望夷宮の変とその後
出典: フリー百科事典『ウィキペディア(Wikipedia)』 (2022/06/01 15:23 UTC 版)
『史記』始皇本紀における胡亥の死に関わる事変である「望夷宮の変」については、該当項目を参照。 ここでは『史記』李斯列伝に記述された『史記』始皇本紀とは内容の異なる「望夷宮の変」について記載する。なお、指鹿為馬の故事にかかる記述についても、『史記』始皇本紀と異なるため、あわせて、ここに記載する。 ある時、趙高は胡亥に鹿を献じて、「馬です」と言った。胡亥が左右の家臣に「これは鹿ではないのか」と問うた。家臣は皆、「馬です」と言った。胡亥は、自分の気がおかしくなったのではないかと考え、太卜(卜筮官の長)を召して、占わせた。太卜は言った。

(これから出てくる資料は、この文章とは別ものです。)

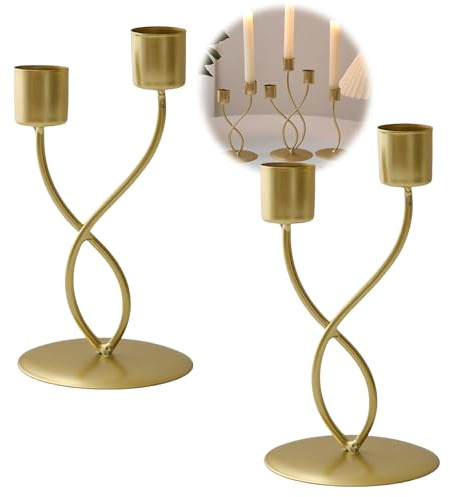 HSTWODE kerzenständer Gold schwarz, Blumen-Kerzenständer 2er Set, stabkerzenhalter für Hochzeit Räucherkegel Spa Gebet Home Party, Weihnachts Tisch Deko, Adventskranz (Gold, 2 Gabeln)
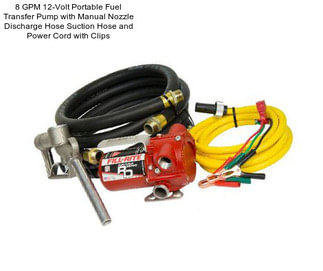 8 GPM 12-Volt Portable Fuel Transfer Pump with Manual Nozzle Discharge Hose Suction Hose and Power Cord with Clips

「陛下(胡亥)は春秋の郊祀(郊外での皇帝の天地の祭り)と宗廟の祖霊への奉仕において、斎戒(神々を祭る時、女性との交わりや飲酒を控え、身を清めること)が十分ではありません。そのため、このようなことになったのです。徳を高めて、斎戒を十分にしてください」。そこで、胡亥は上林苑(皇帝の苑)に入って斎戒に努めた。毎日、遊び・狩りを行っていたところ、上林苑の中に入っている人がいた。胡亥は自ら、その人を射殺した。 趙高は、(趙高の)娘婿である咸陽令の閻楽に「何者かが人を殺して、上林苑に移した」として取り調べを行わせた一方、胡亥を諫めた。「天子が理由もないのに、無辜の人を殺したとは、上帝(天帝)が禁じていることです。祖霊も祀りをうけいれず、天はいまにも(胡亥に)災いをくだすでしょう。遠く咸陽宮を避けて、御払いをなさるべきです」。そこで、胡亥は皇居から出て、望夷宮へと移った。 胡亥が望夷宮に留まり、3日経ったところで、趙高は(胡亥の)詔を偽って、衛士に服喪の白い衣を着せて武器を持たせ、望夷宮へ入らせた。趙高は望夷宮に入って、胡亥に告げた。「山東の群盗の兵が大勢来ました!」。胡亥は楼の上に登って、兵たちを見て、恐れおののいた。趙高に脅された胡亥は、自殺をした。享年は24歳、もしくは15歳とされる。 趙高は胡亥から皇帝の玉璽を奪い取ったが、百官が従わなかったため、胡亥の兄 である子嬰に玉璽を渡す。 同年9月、趙高により、子嬰は秦王に即位する。胡亥は、庶民の礼式で、杜南の宜春苑の中に葬られた。 子嬰は趙高を殺し、趙高の三族を皆殺しにした。 高祖元年(紀元前206年)、子嬰は咸陽に攻めてきた劉邦に降伏した。これにより、秦は滅びた。